RE: RE: What is BTR’s board's magic ingredient
Thanks Forg – you do seem to keep a close watch on stock transfers and this can be an indicator to future action. It was quite amusing to hear last year that someone stole Goldman Sach’s front running software model and GS took legal action, in effect, arguing that only they should be permitted to profit from this unethical software!
Shares Anonymous. I don’t know how this description is allocated, but assume that these are mainly non institutional buyers / sellers, whose names need not be divulged by the brokers?
Investment banks do seem to have many tools for diluting a stock, in order to increase the number of shares they receive when making a corporate financing. You may be right with regard to GMP. After you initially highlighted GMP, I became aware that they do not appear to be brokers, but investment bankers, who generally act for large investment clients.
It is clear that the Metanor needs funding for at least the Bachelor capex shortfall. Therefore, it appears to have been naïve for directors not to have run this additional cash requirement in parallel with the Sandstorm deal. Such simultaneous fund raising may even have resulted in increased demand in the market, since it would be apparent that Bachelor would have been a fully funded packaged deal.
Last year, when the Barry 43-101 reserves were released, Ron Perry was “amazed” at the market reaction. It is possible that, yet again, the directors were, at best, unrealistic in their belief that the SP benefit from their announcement of the part funding provided by the Sandstorm deal.
A piecemeal financing, is a sign of weakness and often sacrifices existing shareholders, for the benefit of an institutional investor, waiting in the wings. Such an investor could have insisted on holding back their financing, until after the announcement of the undefunded Bachelor financing by Sandstorm.
That may have been a [shareholder] sacrifice that the directors were prepared to take if it were to be tendered on a take it or leave it basis.

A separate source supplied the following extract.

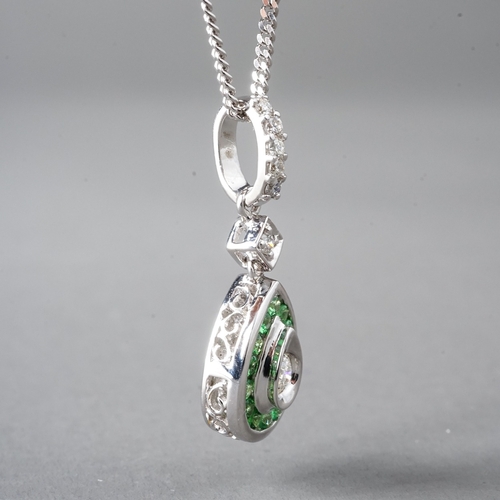 16 - An 18ct white gold diamond and green stone pear shape pendant, set with round brilliant-cut diamonds...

I said in 2010, that there was not a shortage of exploitable assets in Metanor and that the directors should then have considered Joint Venturing, or merging with another company. However, the directors high risk strategy of drip financing does not seem to paying off and it is likely that existing shareholders will ultimately pay a higher price than they should do, for the price for the future dilution, which seems inevitable. The directors do have the element of timing at their discretion, therefore, I suspect that they may try to delay until a buoyant gold price resumes [to the extent that resources permit].
For information: According to Metanor 2010 accounts (note 10), the company’s deferred spend at Barry is $37.8m, against which $20.9m in gold credits were received (but at what cost in transportation and mill running costs?). It is ironic that this placing of the cart before the horse will have consequences.